• _THE TASK_
Output every record word for word, minus the pictures.

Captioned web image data
·····

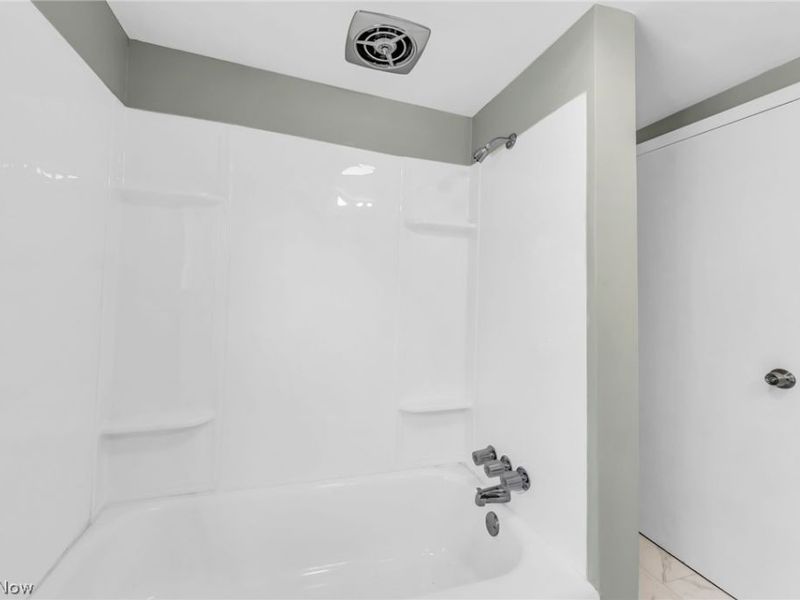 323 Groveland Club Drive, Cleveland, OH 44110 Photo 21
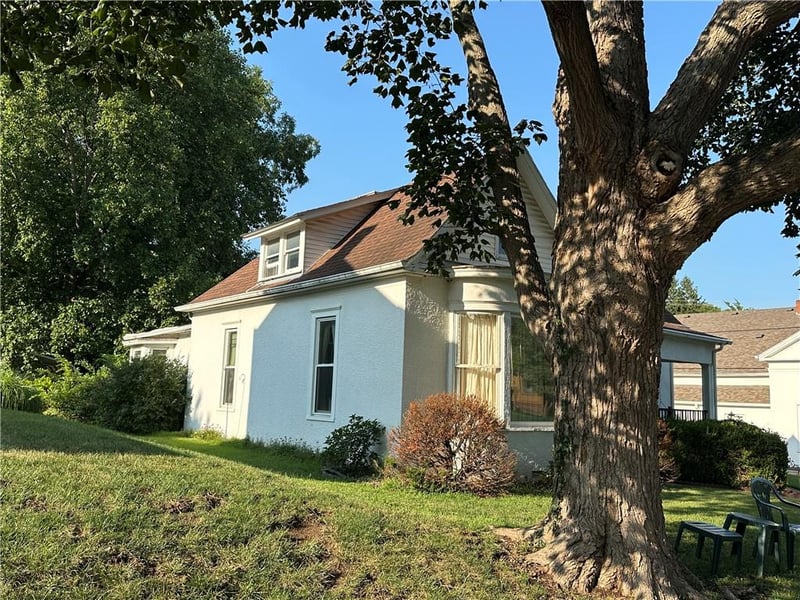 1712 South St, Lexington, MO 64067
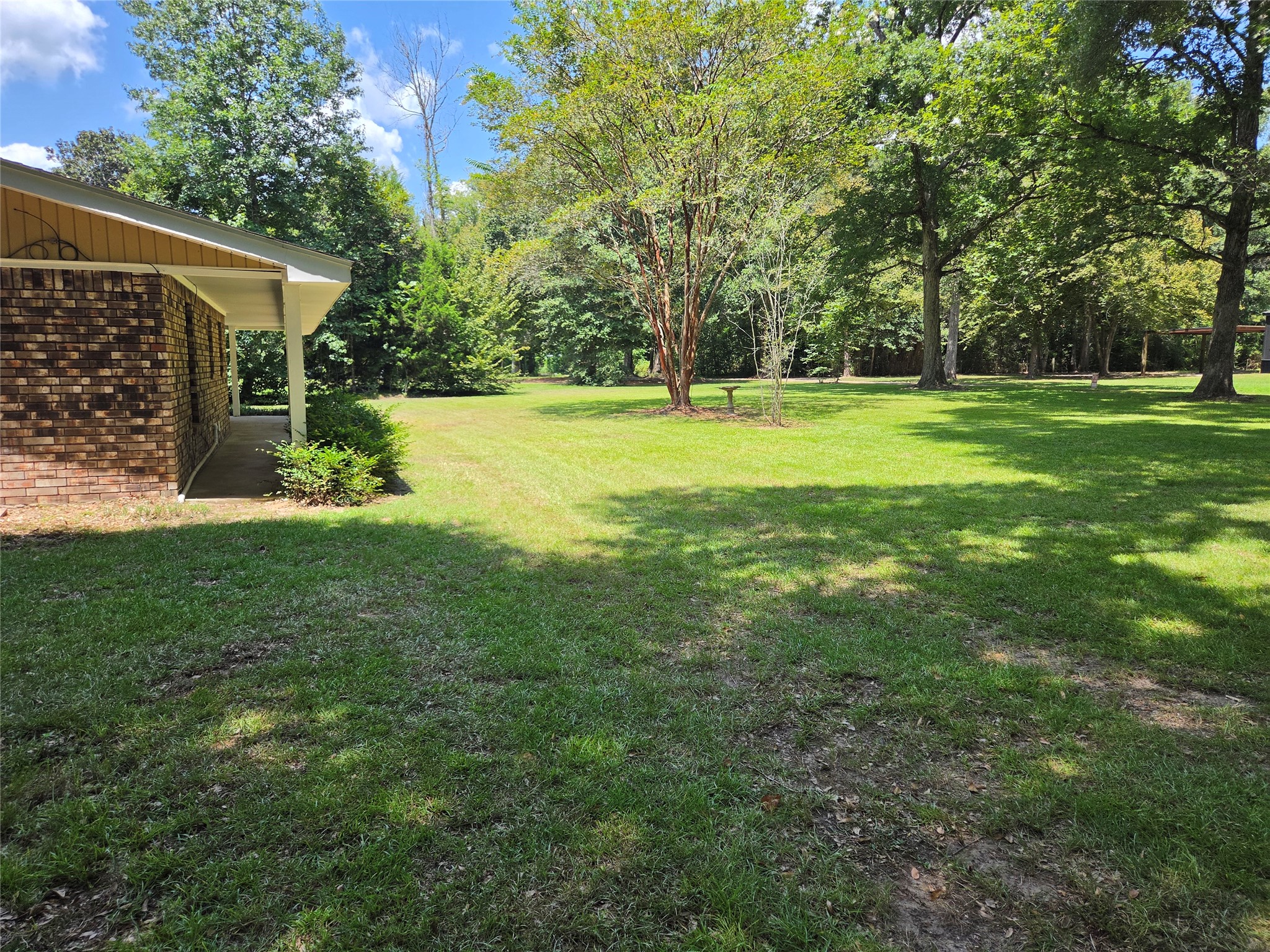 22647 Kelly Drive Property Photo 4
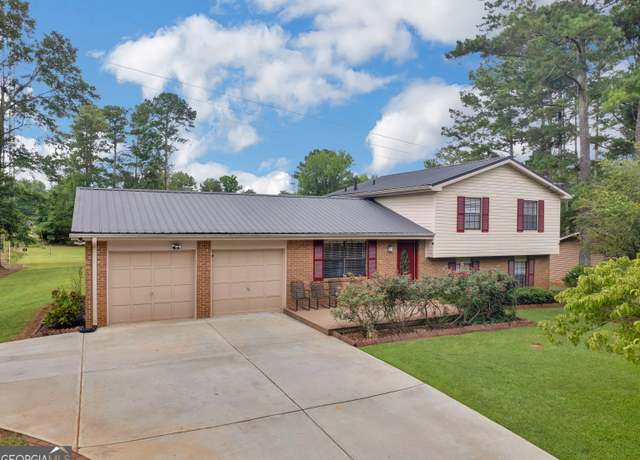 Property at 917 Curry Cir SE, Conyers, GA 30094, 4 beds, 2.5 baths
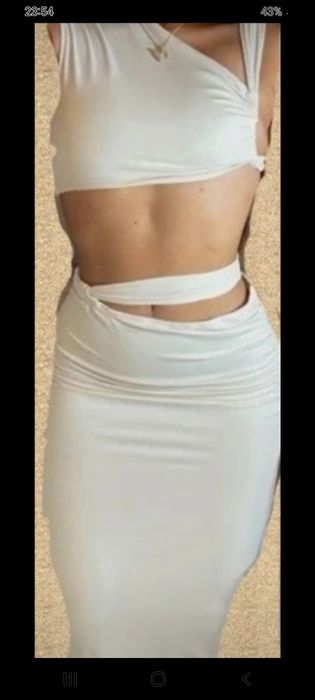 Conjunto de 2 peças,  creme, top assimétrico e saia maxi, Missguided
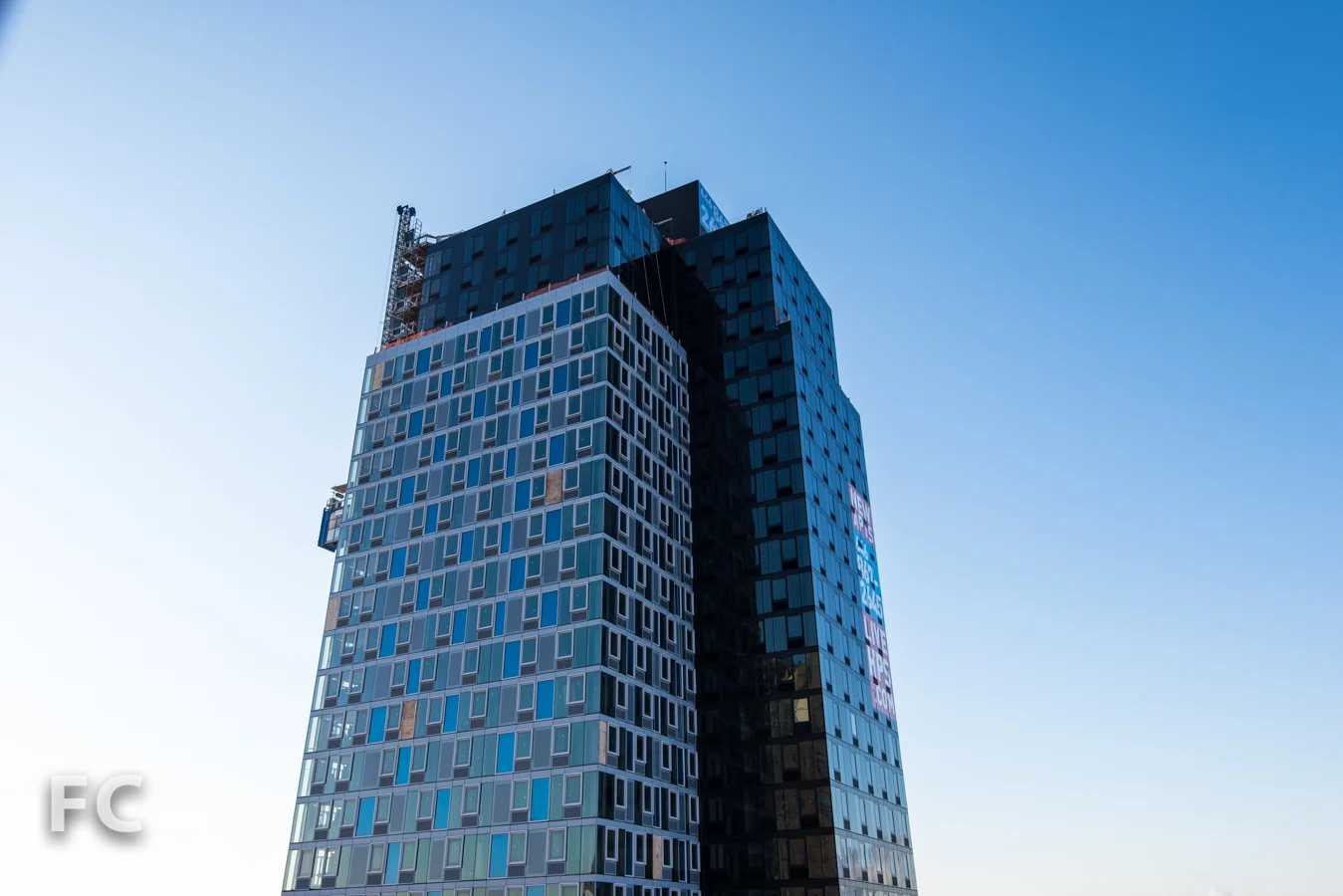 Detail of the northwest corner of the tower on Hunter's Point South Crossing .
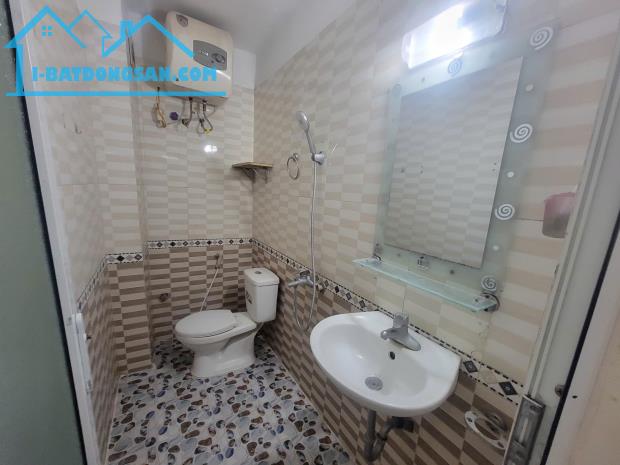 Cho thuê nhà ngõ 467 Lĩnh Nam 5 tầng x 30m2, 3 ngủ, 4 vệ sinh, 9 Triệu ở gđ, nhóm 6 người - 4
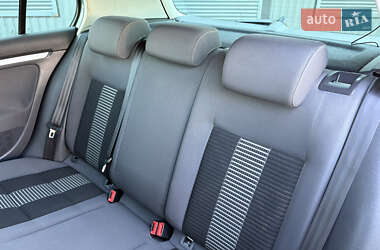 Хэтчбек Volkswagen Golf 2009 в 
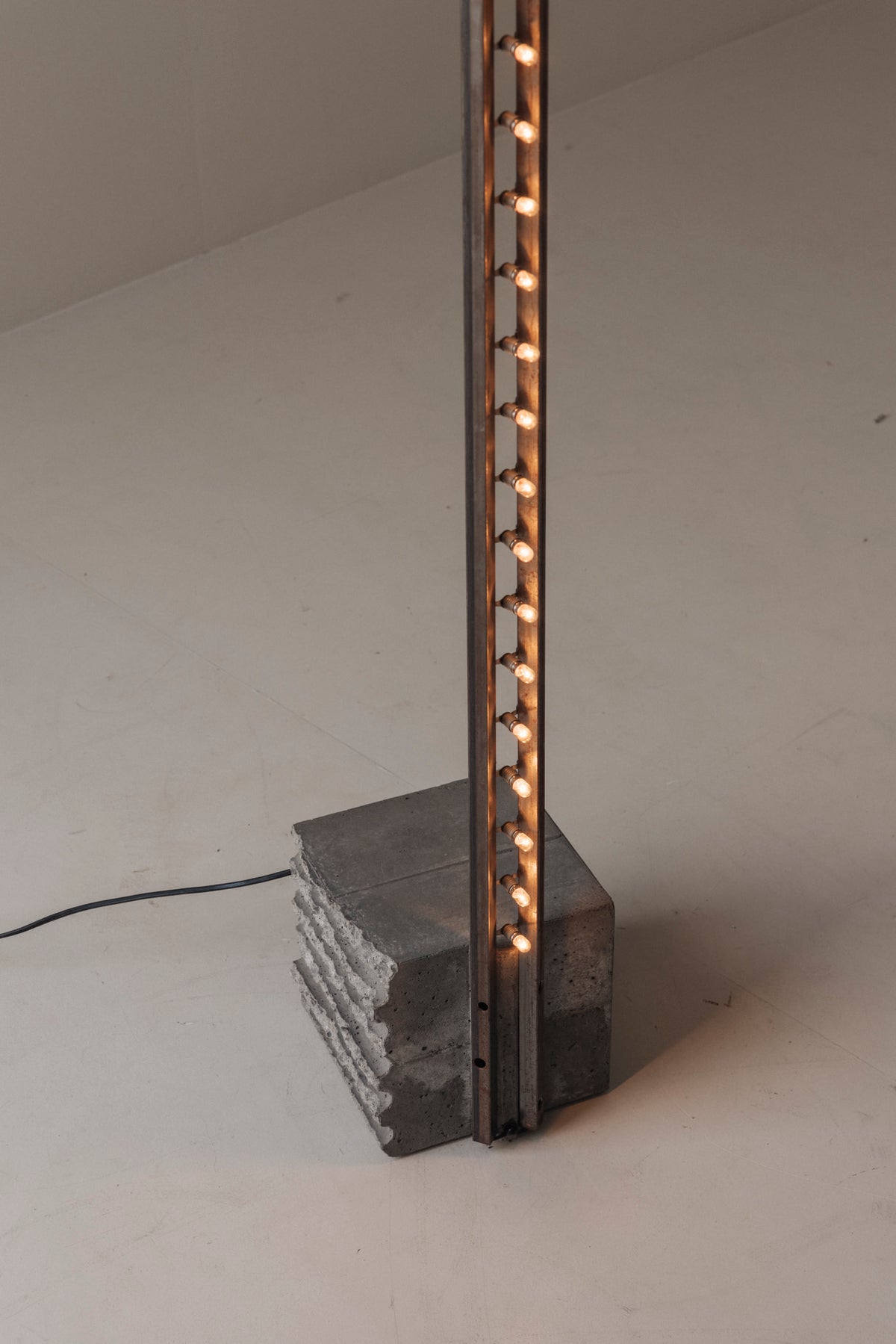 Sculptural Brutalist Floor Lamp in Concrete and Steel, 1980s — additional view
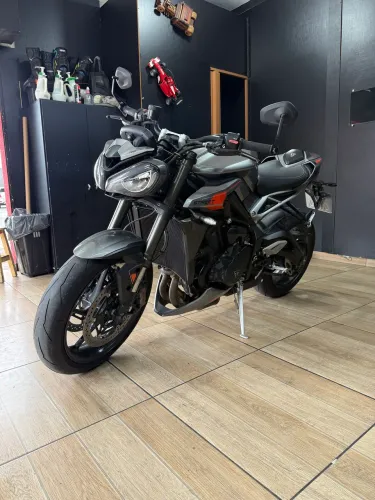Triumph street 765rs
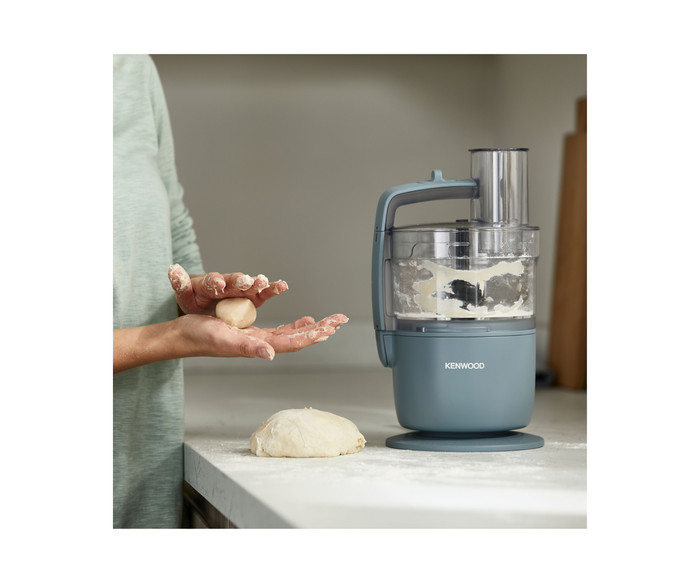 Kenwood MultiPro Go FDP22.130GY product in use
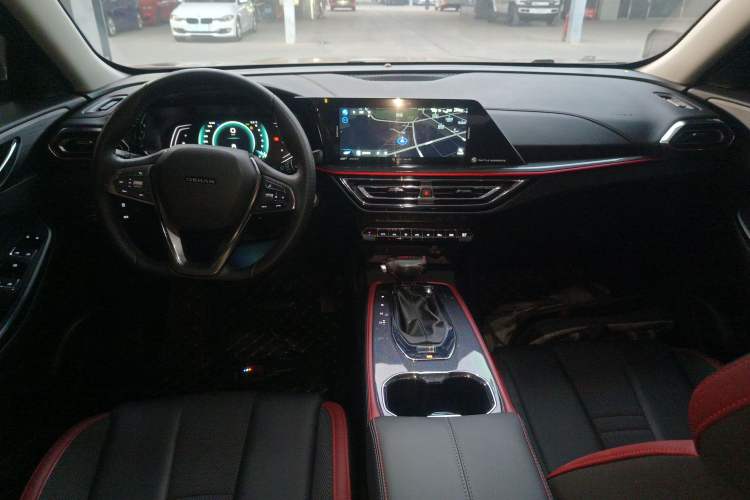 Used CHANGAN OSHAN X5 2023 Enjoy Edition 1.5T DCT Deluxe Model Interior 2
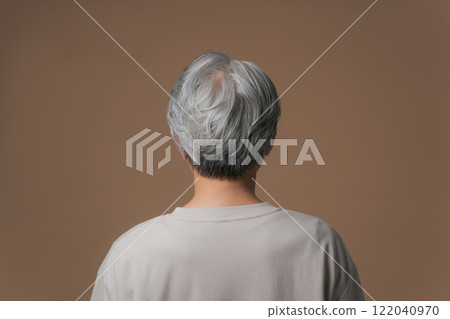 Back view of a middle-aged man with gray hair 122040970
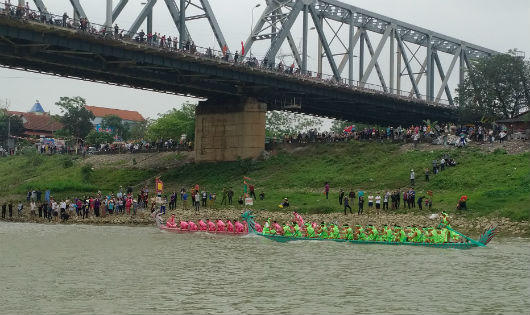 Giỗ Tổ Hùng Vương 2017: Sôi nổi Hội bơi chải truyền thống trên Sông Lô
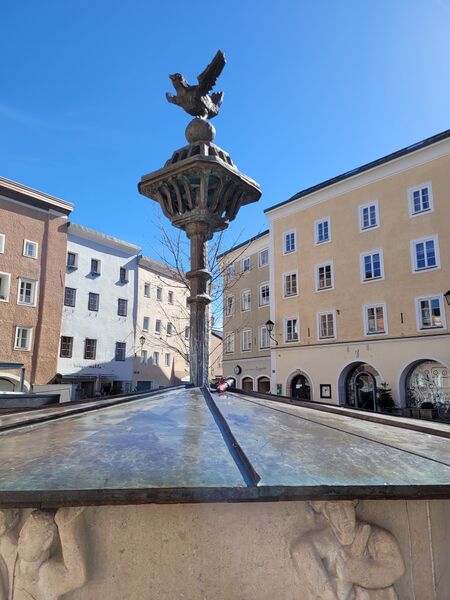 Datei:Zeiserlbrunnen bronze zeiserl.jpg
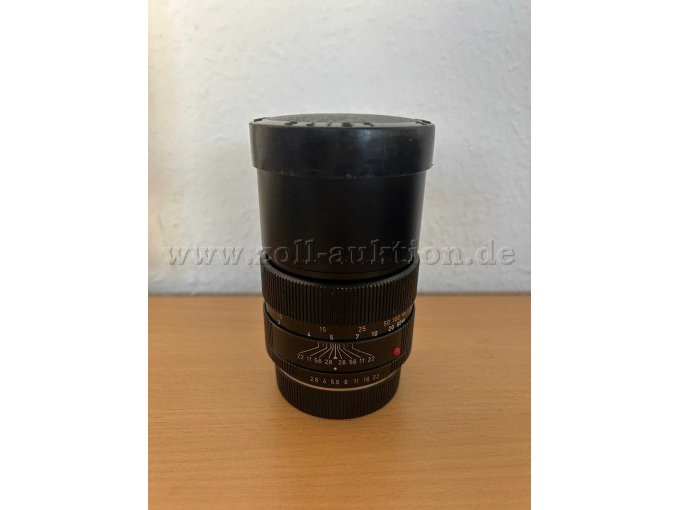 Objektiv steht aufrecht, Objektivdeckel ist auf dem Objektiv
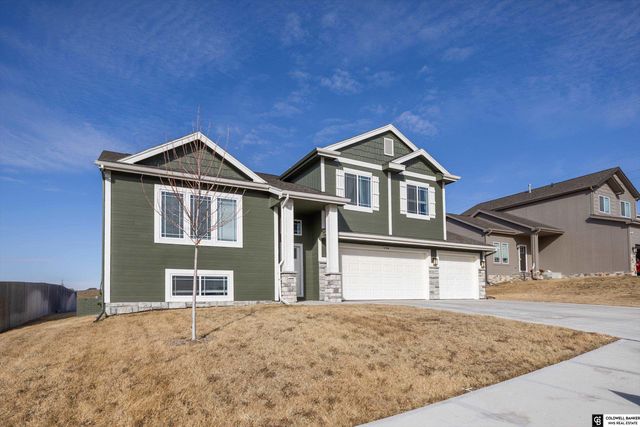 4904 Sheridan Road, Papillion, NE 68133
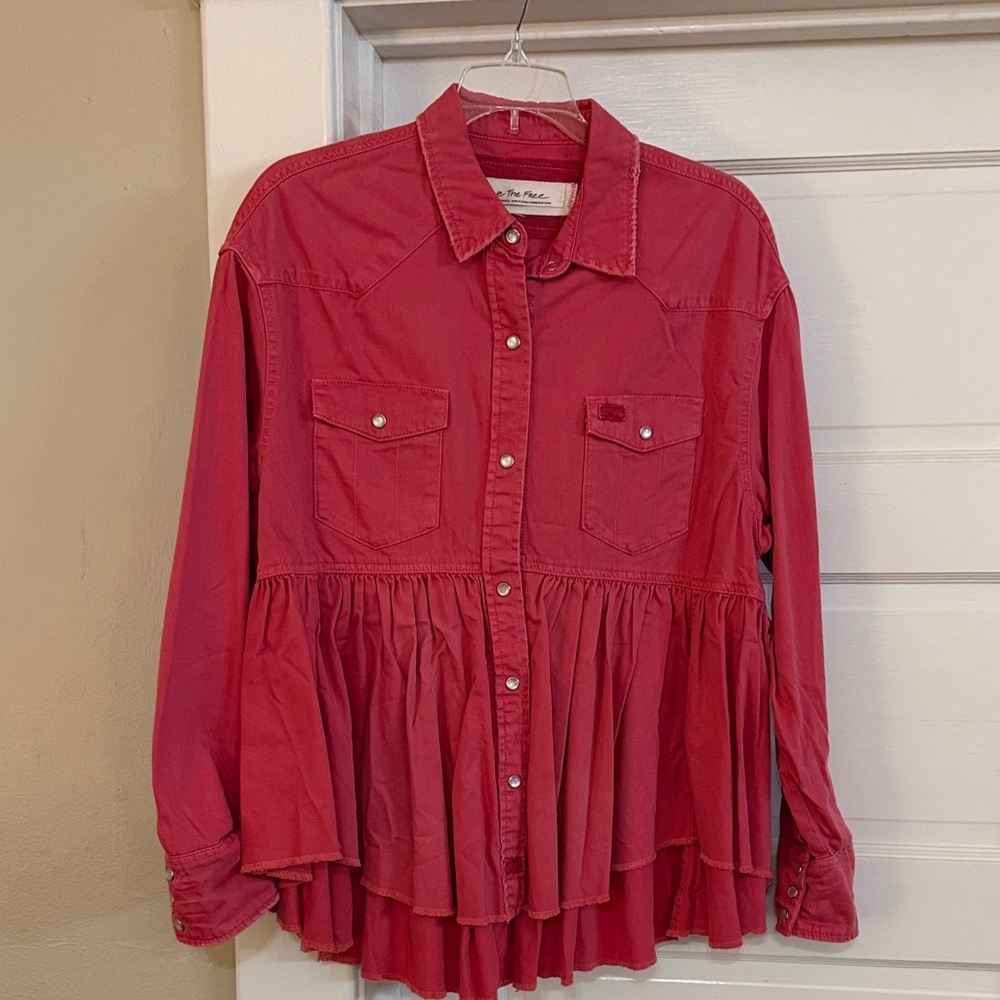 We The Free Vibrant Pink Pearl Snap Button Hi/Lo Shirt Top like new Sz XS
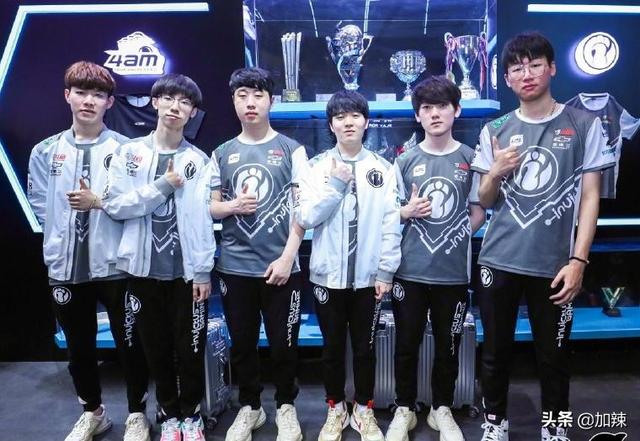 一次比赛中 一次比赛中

·····

• _ANSWER FOR THE TASK_
 323 Groveland Club Drive, Cleveland, OH 44110 Photo 21
 1712 South St, Lexington, MO 64067
 22647 Kelly Drive Property Photo 4
 Property at 917 Curry Cir SE, Conyers, GA 30094, 4 beds, 2.5 baths
 Conjunto de 2 peças,  creme, top assimétrico e saia maxi, Missguided
 Detail of the northwest corner of the tower on Hunter's Point South Crossing .
 Cho thuê nhà ngõ 467 Lĩnh Nam 5 tầng x 30m2, 3 ngủ, 4 vệ sinh, 9 Triệu ở gđ, nhóm 6 người - 4
 Хэтчбек Volkswagen Golf 2009 в 
 Sculptural Brutalist Floor Lamp in Concrete and Steel, 1980s — additional view
Triumph street 765rs
 Kenwood MultiPro Go FDP22.130GY product in use
 Used CHANGAN OSHAN X5 2023 Enjoy Edition 1.5T DCT Deluxe Model Interior 2
 Back view of a middle-aged man with gray hair 122040970
 Giỗ Tổ Hùng Vương 2017: Sôi nổi Hội bơi chải truyền thống trên Sông Lô
 Datei:Zeiserlbrunnen bronze zeiserl.jpg
 Objektiv steht aufrecht, Objektivdeckel ist auf dem Objektiv
 4904 Sheridan Road, Papillion, NE 68133
 We The Free Vibrant Pink Pearl Snap Button Hi/Lo Shirt Top like new Sz XS
 一次比赛中 一次比赛中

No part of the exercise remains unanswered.